What to consider when choosing your pen name
Here are some things I took into consideration after researching advice on pen names and consulting my literary agent:
- First, check to make sure you can get the URL and social media usernames for the name you’re considering. That ruled out dozens of names I tried. One of the best ways to do this is through namecheckr, which searches for the URL and all major social channels. I had to shorten to @savvycarlisle on all social platforms because of the character length on Twitter. Although I could have gotten @savannahcarlisle on Instagram and Facebook, I decided I wanted all my social channels to match.
- Do a Google search for the name. Is it going to be difficult to rank for? Does anything negative come up? There was a different last name I was considering, but when I searched the first page of results was flooded with reports of a murder in an apartment complex with the same name in Savannah, Georgia. Not really what I want people to find when they search my pen name.
- Consider if the name will be difficult for people to spell if they hear it without seeing it written.
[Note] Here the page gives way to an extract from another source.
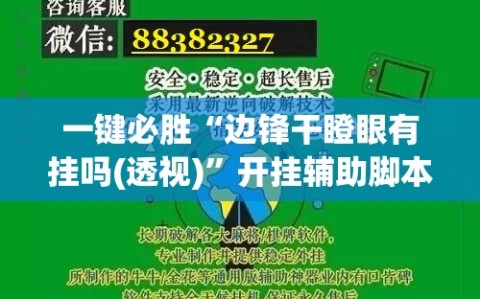 一键必胜“边锋干瞪眼有挂吗(透视)”开挂辅助脚本+详细开挂安装教程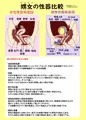 自分のふたなり設定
For example, maybe they hear you do a podcast interview and want to Google to find your books or social media. Although there is another way to spell Carlisle (Carlyle), I ultimately decided this last name met all my other criteria and was a viable option.
- My literary agent advised that I choose a last name in the first half of the alphabet. Although many books are bought online these days, you still want your books easy to find when a reader is browsing through your genre and books are displayed in alphabetical order.
- Be aware of how certain names are associated with specific genres. For example, using initials like J.D. Robb are often associated with male-dominated genres. One of the last names I considered was Somersby, which several people I spoke with associated with historical romances, not the contemporary romances I’m writing.
I’ll leave you with a few resources I can recommend that I consulted: this post from Joanna Penn, this podcast from The Creative Penn, this episode from the #AmWriting podcast and this episode from the Create If Writing podcast.